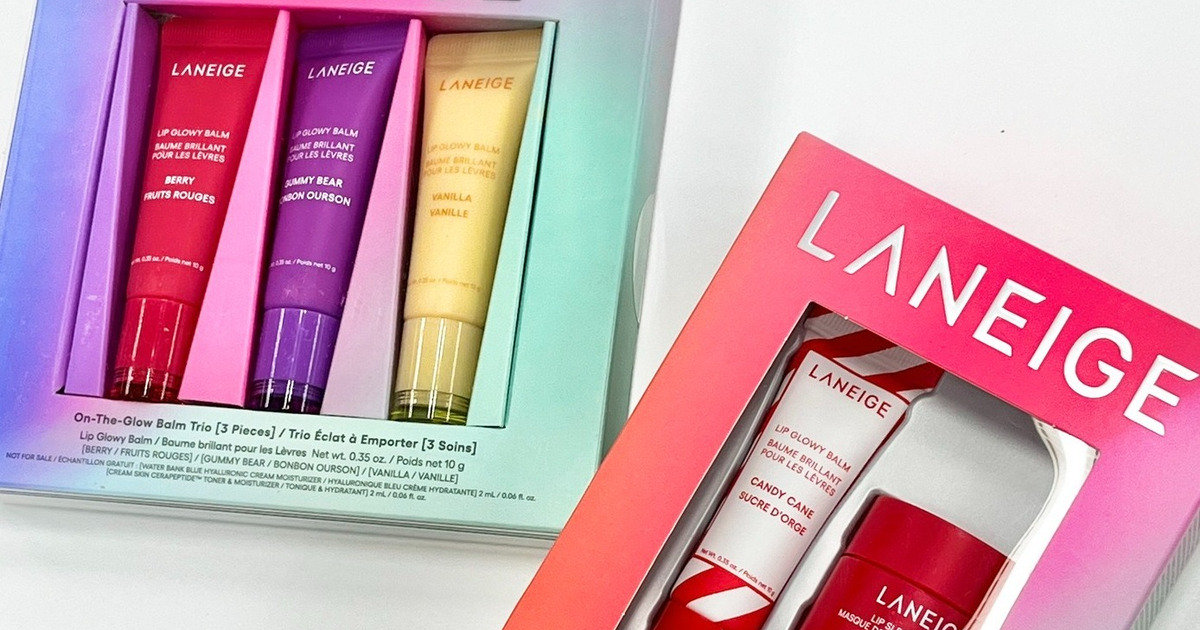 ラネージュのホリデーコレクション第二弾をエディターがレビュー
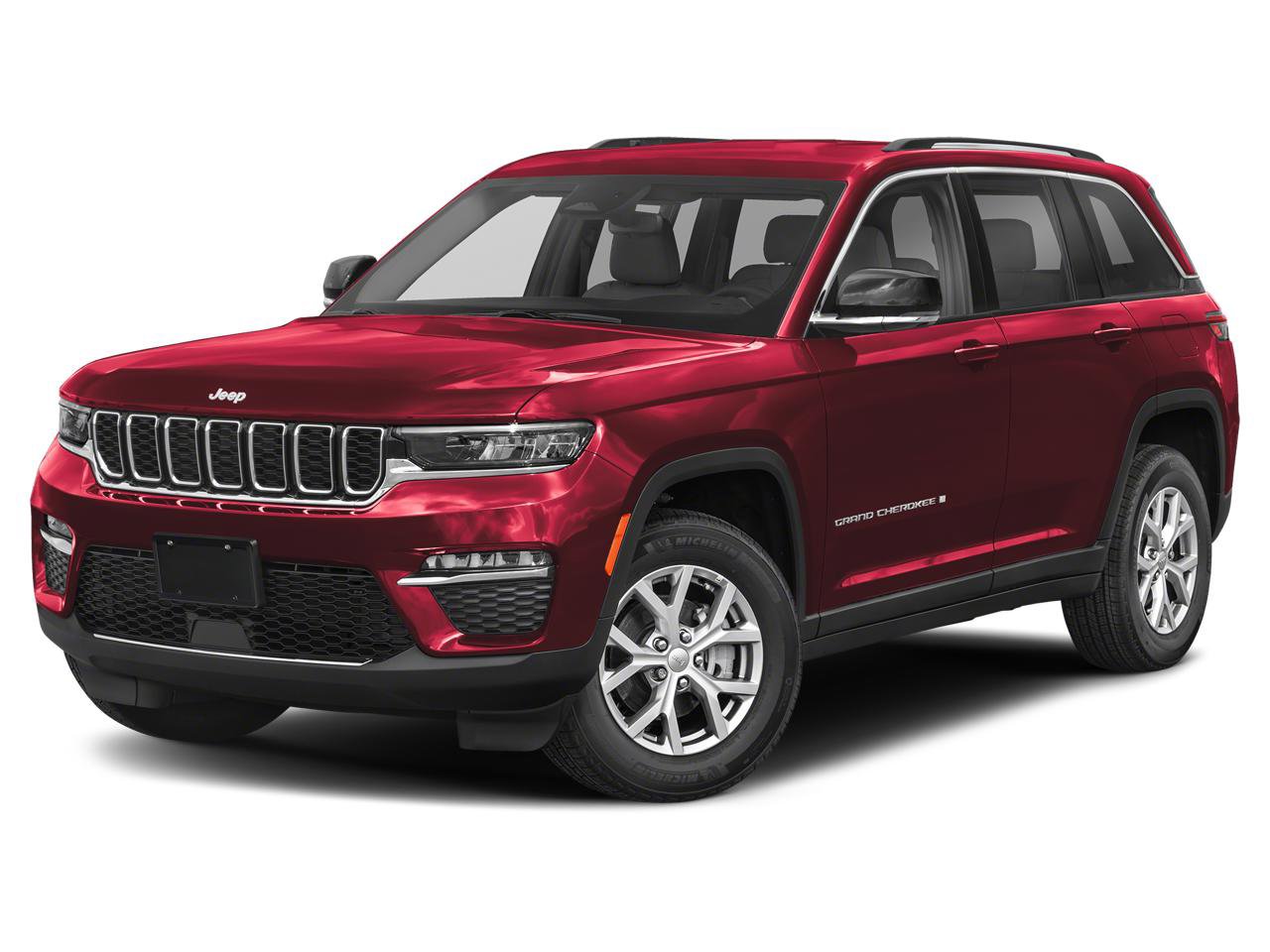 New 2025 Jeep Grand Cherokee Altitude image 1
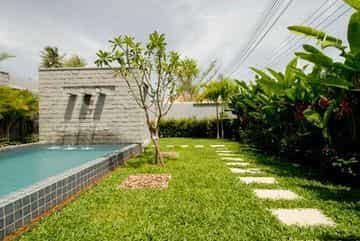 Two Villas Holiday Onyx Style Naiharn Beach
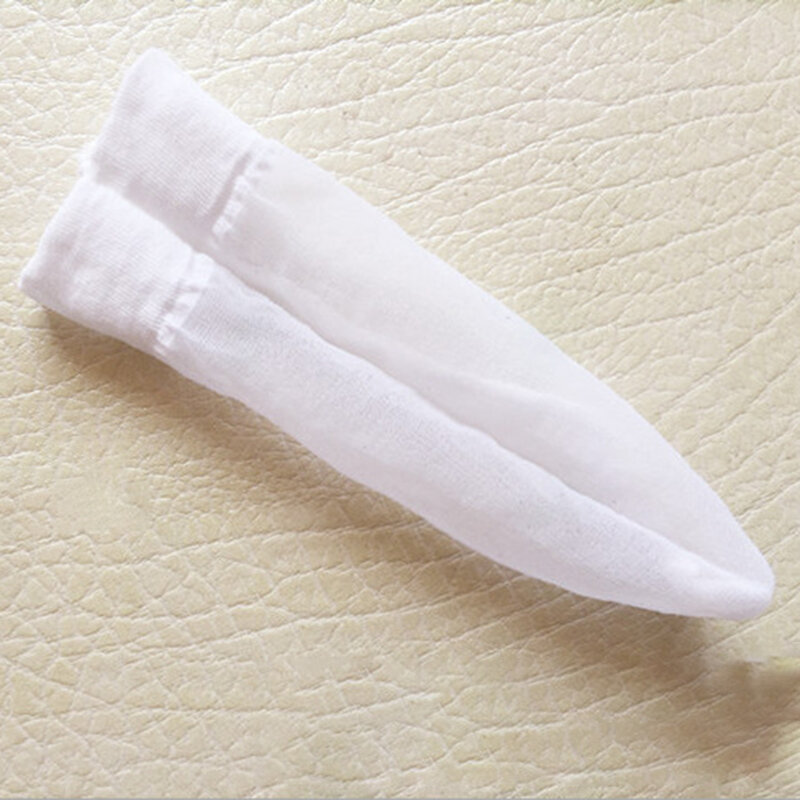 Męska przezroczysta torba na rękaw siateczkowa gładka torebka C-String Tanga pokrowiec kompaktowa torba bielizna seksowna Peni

> Assignment: Beginning with the line containing "Two Villas Holiday Onyx Style Naiharn Beach" and ending with the last line of the data, output those lines exactly and nothing more. Omit every picture.

> Task answer:
 Two Villas Holiday Onyx Style Naiharn Beach
 Męska przezroczysta torba na rękaw siateczkowa gładka torebka C-String Tanga pokrowiec kompaktowa torba bielizna seksowna Peni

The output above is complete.